3 LE 178e, UN BATAILLON CANADIEN-FRANÇAIS
Cette bannière signale sans doute une parade militaire du 178e, l’un des 13 bataillons recrutés au Canada français durant la Première Guerre mondiale. Le conflit meurtrier s’éternisant, le recrutement intensif de volontaires donne de piètres résultats en 1916, laissant présager bientôt l’enrôlement obligatoire. Les affiches de recrutement du 178e bataillon reflètent bien cette tension : « Attendez-vous que les nôtres [églises] brûlent ? Enrôlons-nous et tout de suite. » « Les purs Canayens : Montrons que nous sommes une race fière et loyale. » « Vouloir, c’est pouvoir », tel est la devise de ce bataillon recruté dans les régions de Drummond-Arthabaska et Montréal.

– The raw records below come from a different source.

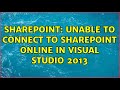 Sharepoint: Unable to connect to SharePoint online in Visual Studio 2013 (2 Solutions!!)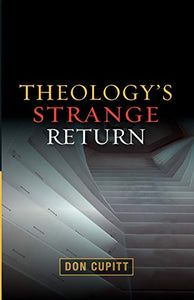 Theology's Strange Return 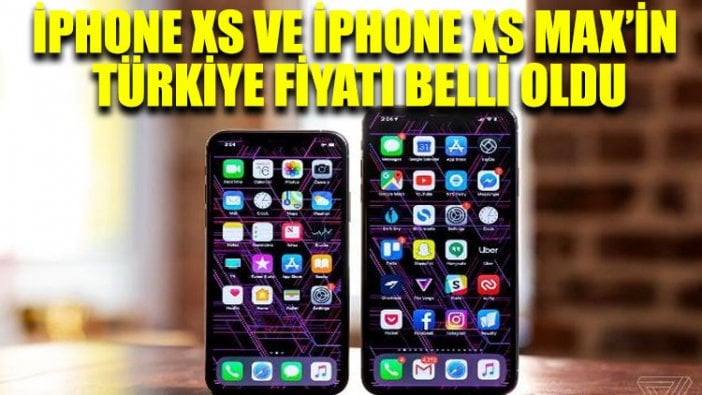 iPhone XS ve iPhone XS Max’in Türkiye fiyatı belli oldu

Une fois arrivées à Liverpool le 15 mars 1917, les recrues du 178e bataillon rejoignent entre autres le 22e régiment (le « Vandoos » comme le prononcent les Anglais), la seule unité francophone du corps expéditionnaire. Les soldats du 178e s’illustrent lors de la bataille d’Amiens le 8 août 1918, la première victoire qui mène les Alliés à l’Armistice, le 11 novembre 1918.